## WORK TASK:
The output should contain the listing word for word and no pictures.

## GIVEN INFORMATION:
=== Section Start ===

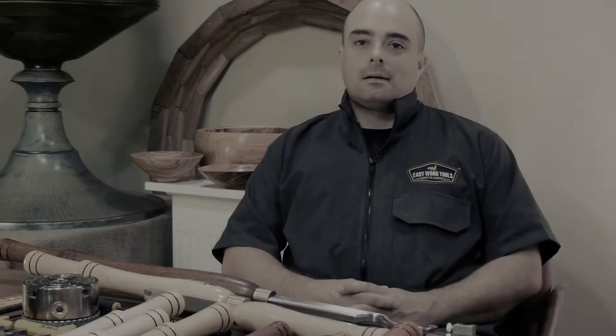Hi, I'm Stuart Kent. Today I want to talk to you a little bit about the Easy Wood Tools Turning System, why I use it, and why we teach with it exclusively at the North Carolina Furniture School.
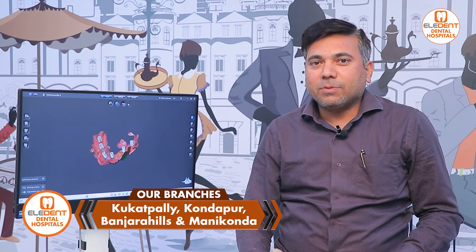Hi viewers, I am Dr. M. Charan Kumar, Co-Founder and Managing Director of Eledent Dental Hospitals, located at Kondapur, KPHB, Manikonda and Banjara Hills.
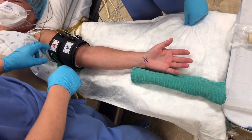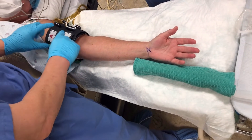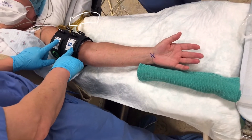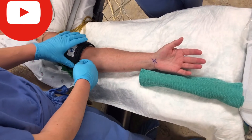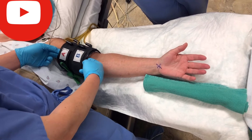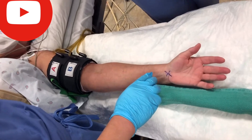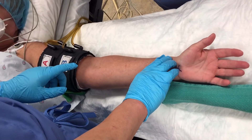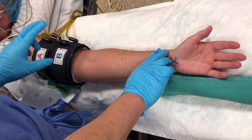All right, this is the Bier block regional technique. It's very important to put on a double tourniquet — you want to make sure it's pretty tight. You can put only two fingers inside to check. Another way to confirm it's good is to inflate the tourniquet and feel the pulse. If the radial pulse disappears, that means it's good.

=== Section End ===

## YOUR RESPONSE:
Hi, I'm Stuart Kent. Today I want to talk to you a little bit about the Easy Wood Tools Turning System, why I use it, and why we teach with it exclusively at the North Carolina Furniture School.
Hi viewers, I am Dr. M. Charan Kumar, Co-Founder and Managing Director of Eledent Dental Hospitals, located at Kondapur, KPHB, Manikonda and Banjara Hills.
All right, this is the Bier block regional technique. It's very important to put on a double tourniquet — you want to make sure it's pretty tight. You can put only two fingers inside to check. Another way to confirm it's good is to inflate the tourniquet and feel the pulse. If the radial pulse disappears, that means it's good.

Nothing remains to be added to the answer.